I'm a US/Cdn citizen married to a Canadian and we been living in Canada and filing my US taxes for the last 8 years. I've always files as "Married separate" and just indicated my husbands name without an ITIN, and have not been questioned on this. My return is very simple and all my income from Canada is exempt. I am now reading more deeply into it, and it appears that he probably should have an ITIN and be entered on the 1040.

Am I correct in that he is required to have an ITIN (He is not a US citizen and has never lived in the US, nor are we planning to)? If so, why have they never questioned this before?


----------



## Nononymous (Jul 12, 2011)

No, he need not have an ITIN. If you use "married filing separately" he's just an unidentified NRA spouse.

A problem does seem to arise with some tax software not accepting a missing ITIN, so expat are often stuck mailing in their returns on paper.


----------



## brew99 (Mar 6, 2021)

Thank you for that confirmation.
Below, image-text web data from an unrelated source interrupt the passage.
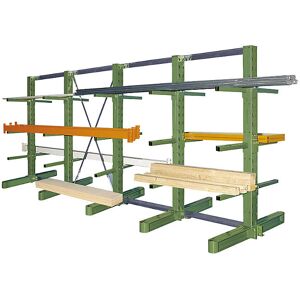 eurokraft pro Estantería completa de brazos voladizos, por ambos lados, altura de postes 2700 mm, longitud 5100 mm, profundidad 2 x 600 mm, gris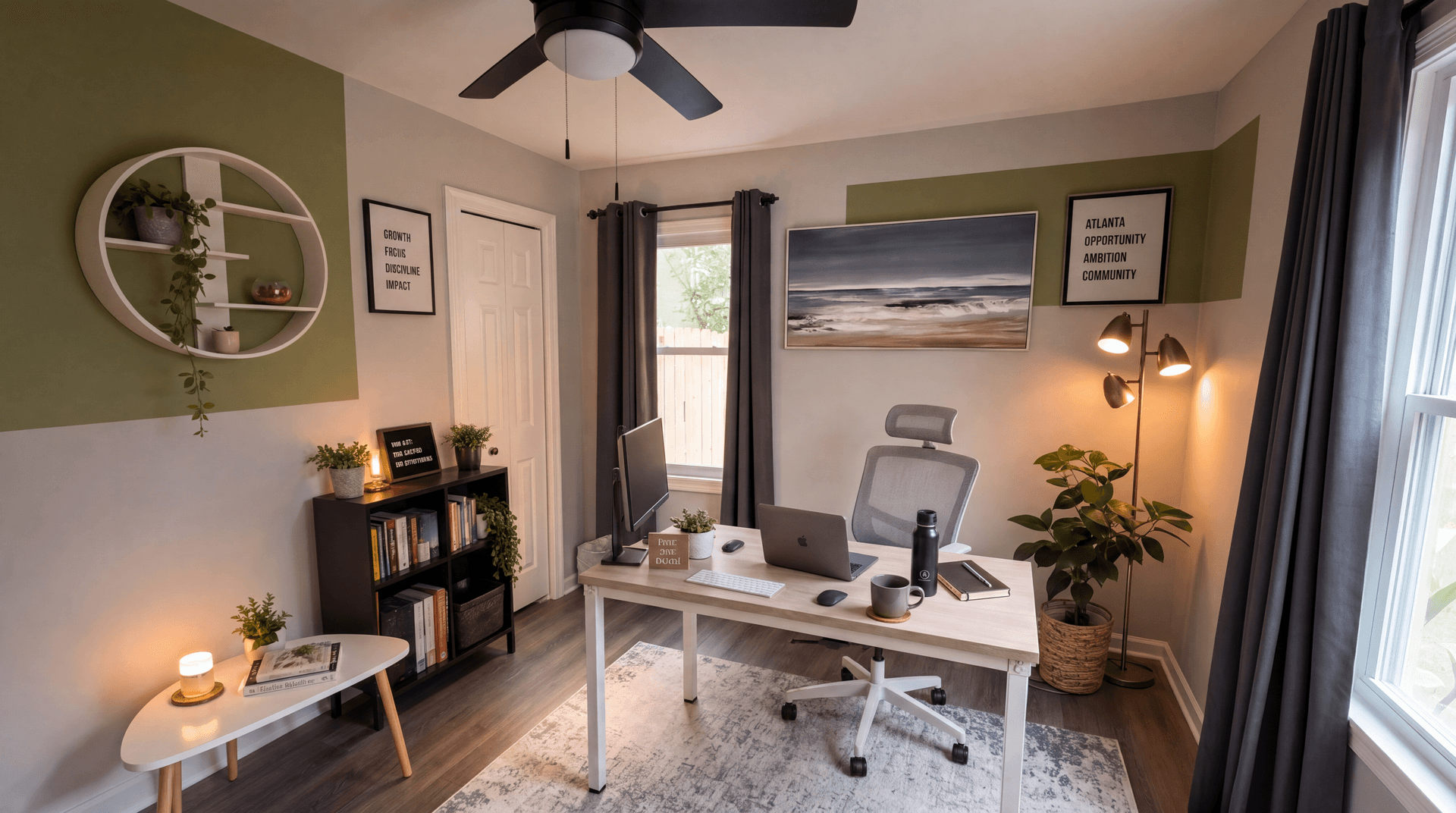 A quiet operator workspace with a desk by the window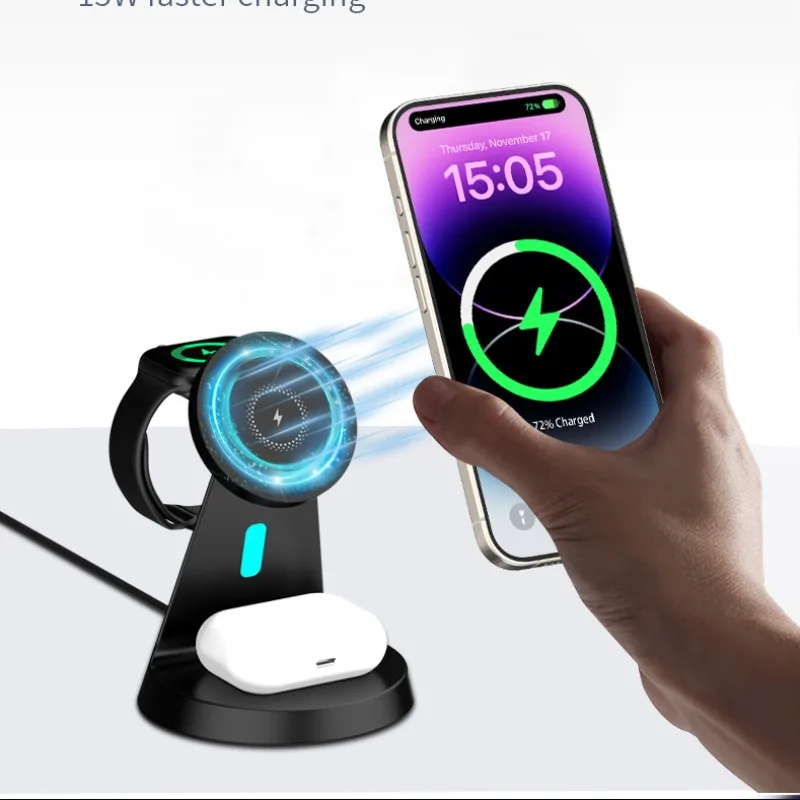 3 in 1 Magnetic Wireless Charger Stand For Magsafe iPhone 17 16 15 14 13 12 Pro Max Airpods Pro iWatch 8 7 Fast Charging Station
3 in 1 Magnetic Wireless Charger Stand For Magsafe iPhone 17 16 15 14 13 12 Pro Max Airpods Pro iWatch 8 7 Fast Charging Station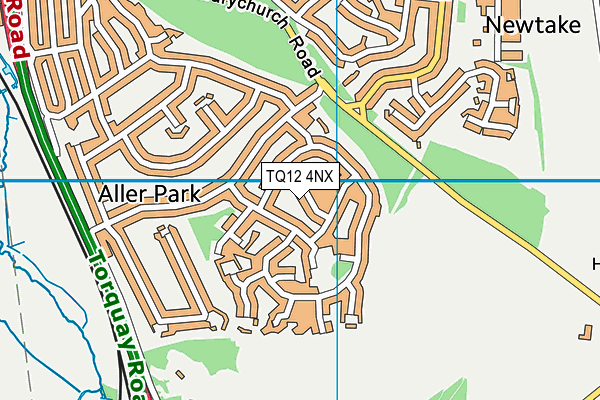 TQ12 4NX map - OS VectorMap District (Ordnance Survey) TQ12 4NX map - OS VectorMap District (Ordnance Survey)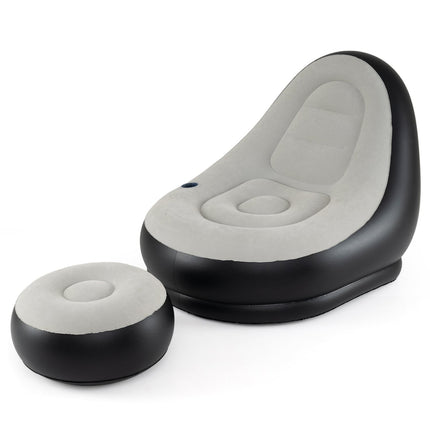 Inflatable Lounge Sofa with Ottoman Portable Air Sofa for Adults with Flocked Surface-Grey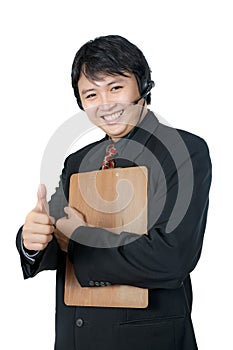 Asian Phone Operator Thumb Up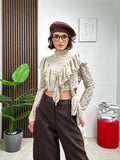 Maglia Crop in Pizzo con Ruches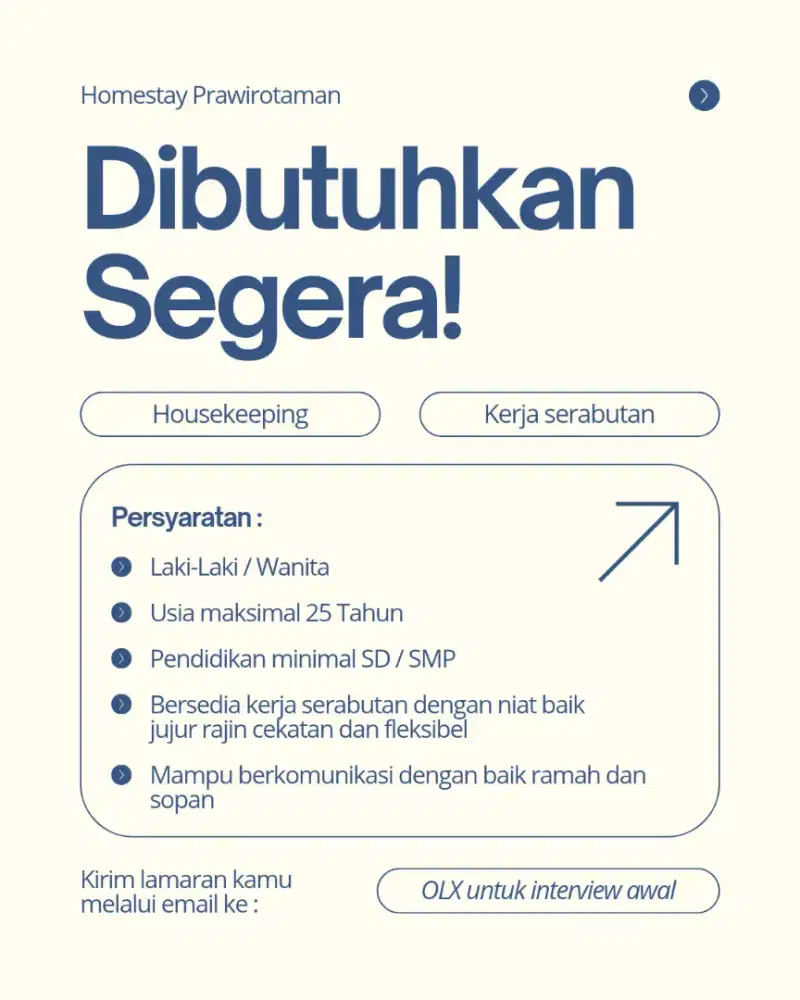 Bismillah Loker Kerja Serabutan Housekeeping Prawirotaman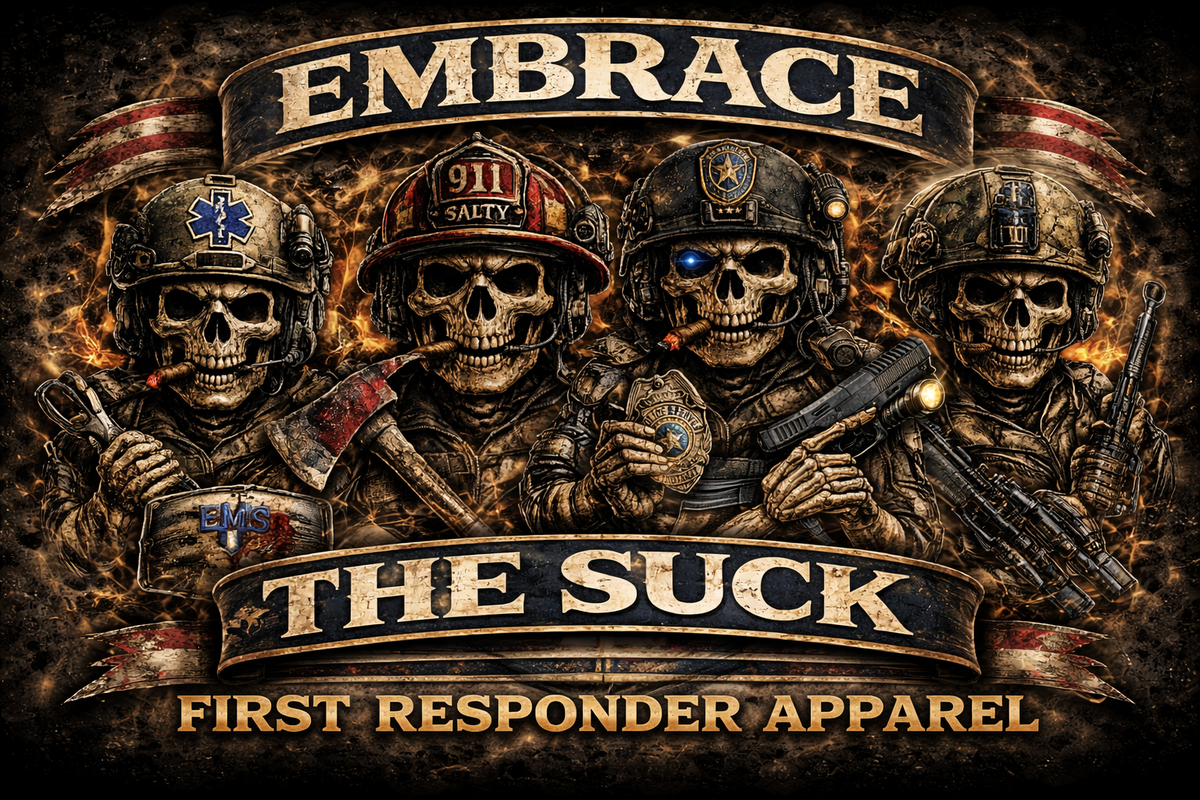 Embrace The Suck first responder apparel collection featuring EMS, firefighter and law enforcement shirts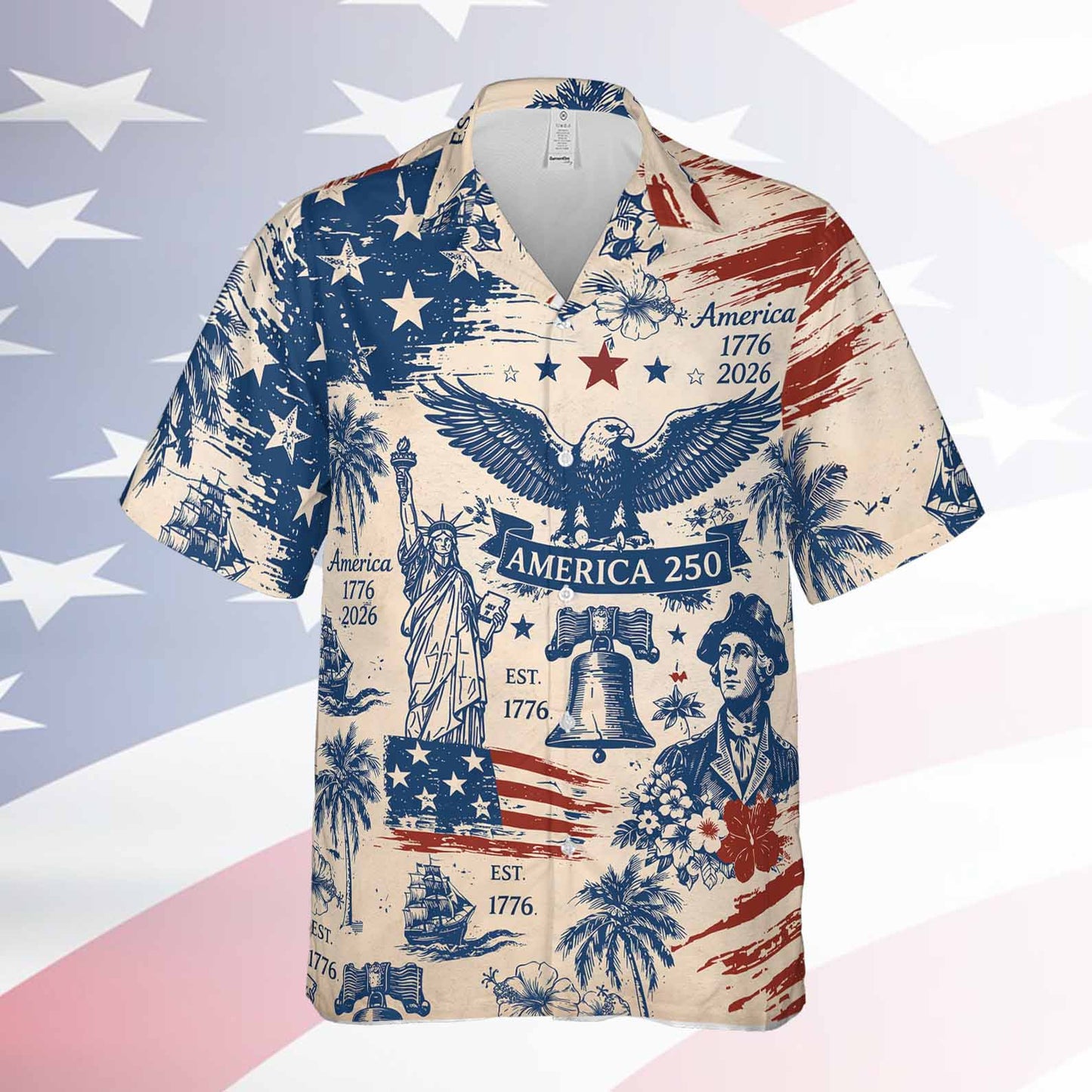 Vintage 250 Years America Hawaiian Shirt, Patriotic 1776-2026 AOP Hawaii Shirt, Independence Day Gift 685334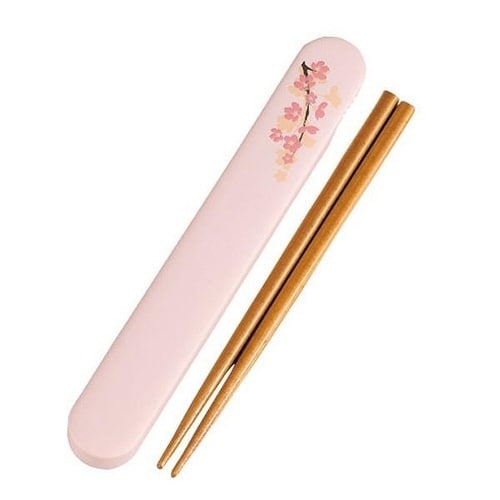 箸&箸箱セット スライド式 SAKURA ピンク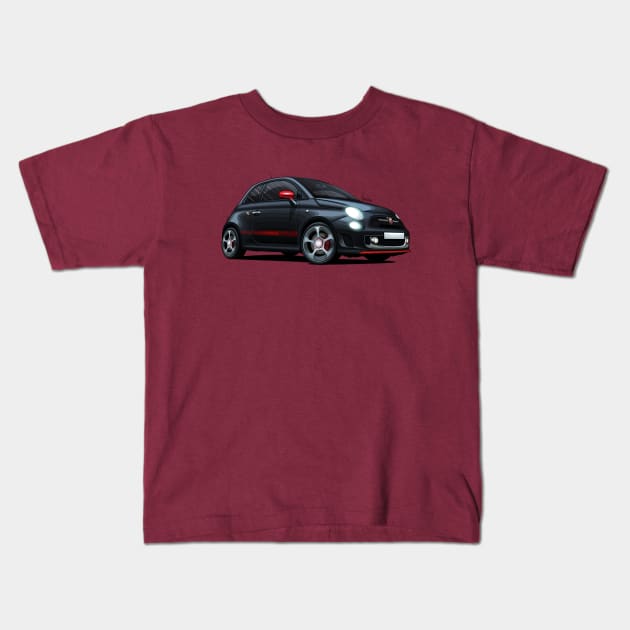 Abarth 595 Competizione Black - Illustration Kids T-Shirt by Mario Ramos Rally Art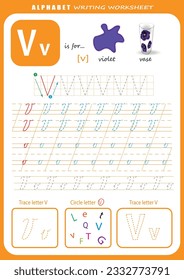 Hoja de trabajo de práctica de escritura a mano con letra V. Hoja de cálculo de seguimiento de letras de alfabeto para niños con juegos e ilustraciones brillantes. Página Aprendiendo actividad alfabética. Plantilla imprimible.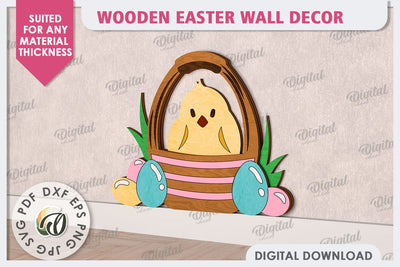 Wooden Easter Wall Decor Laser Cut. Cute Easter Decor SVG SVG Evgenyia Guschina 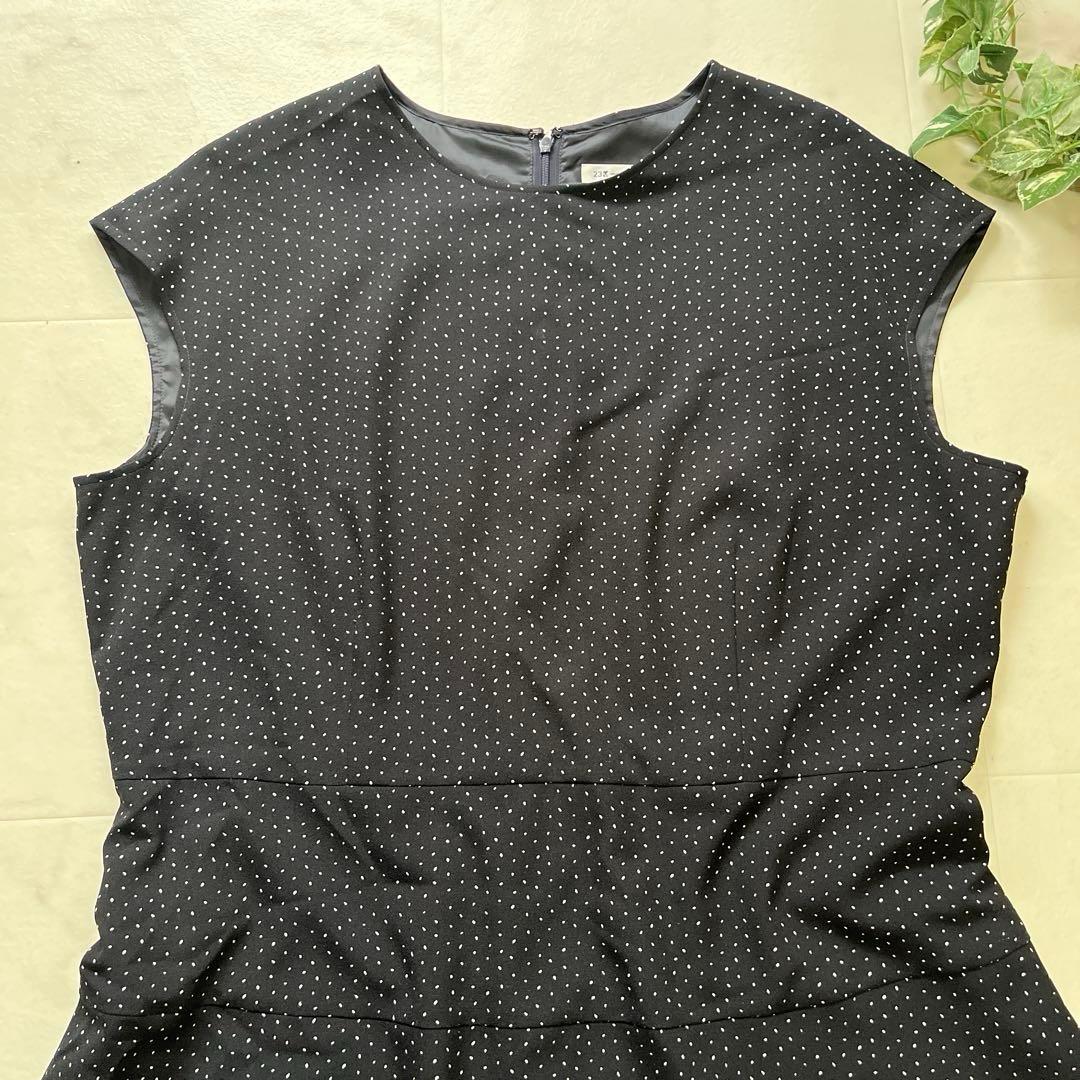 美品　希少　23区 大きいサイズ50 ドットフレンチスリーブロングワンピース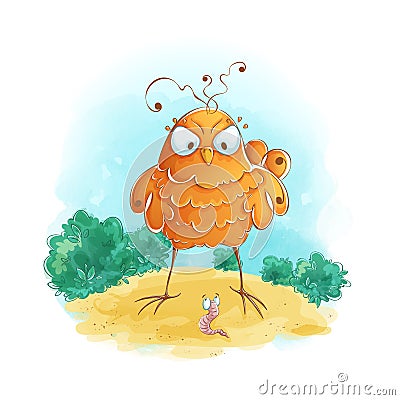 Angry orange bird quarrels with a worm. Vector Illustration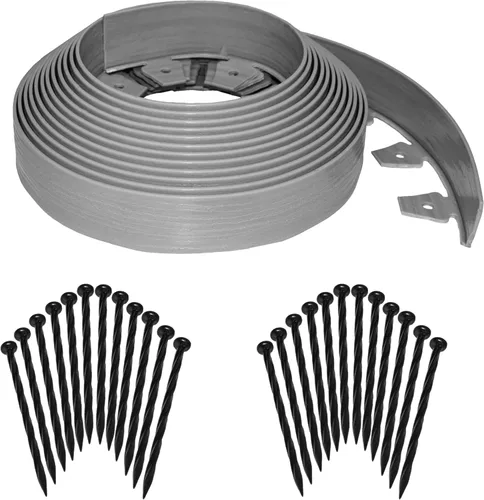 Vista 11 de EasyFlex Borde de jardín de pared alta sin excavación con picos de anclaje, 2.5 pulgadas. Borde de jardín de plástico recto alto con textura de Negro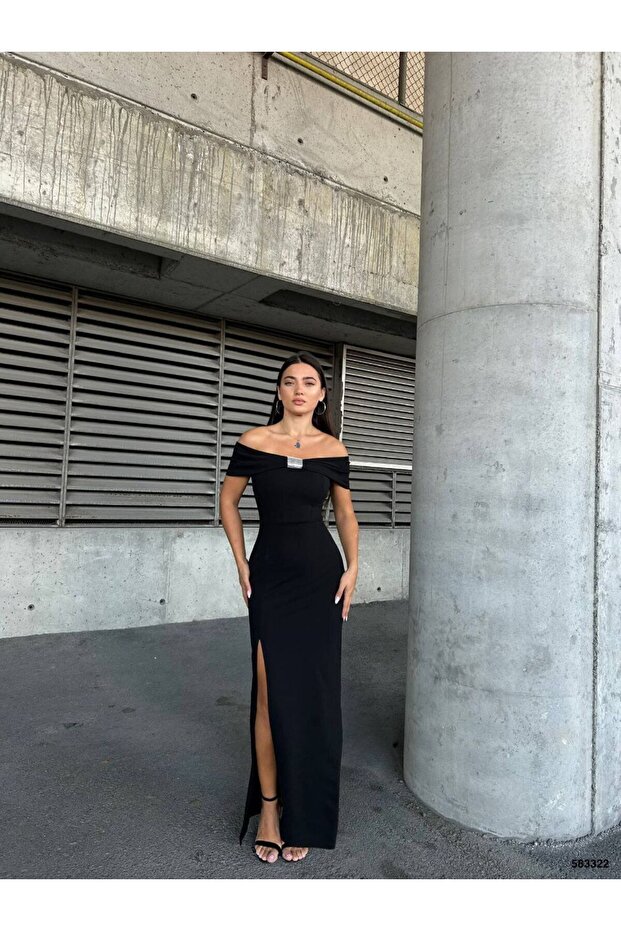 Women's Black Madonna Collar Stone Detailed Slit Long Evening Dress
This is the first year I have tried playing with software with the goal of e-filing, and am running into that exact issue. It will not allow me to e-file without him having a SSN or ITIN. I normally mail in the paper copies, so will just continue to do it that way


----------



## Moulard (Feb 3, 2017)

Some software providers support entering NRA for the spouse when filing separately some do not. It may be trial and error - at least check their FAQ before starting.

If you are excluding ALL of your income the other hurdle is some providers will not allow you to efile with zero AGI. The trick to get around that one is to add $1 of "Other Income, with a comment that it was added for efiling only. Will still result in zero tax.


----------



## brew99 (Mar 6, 2021)

Thanks for the tip.


----------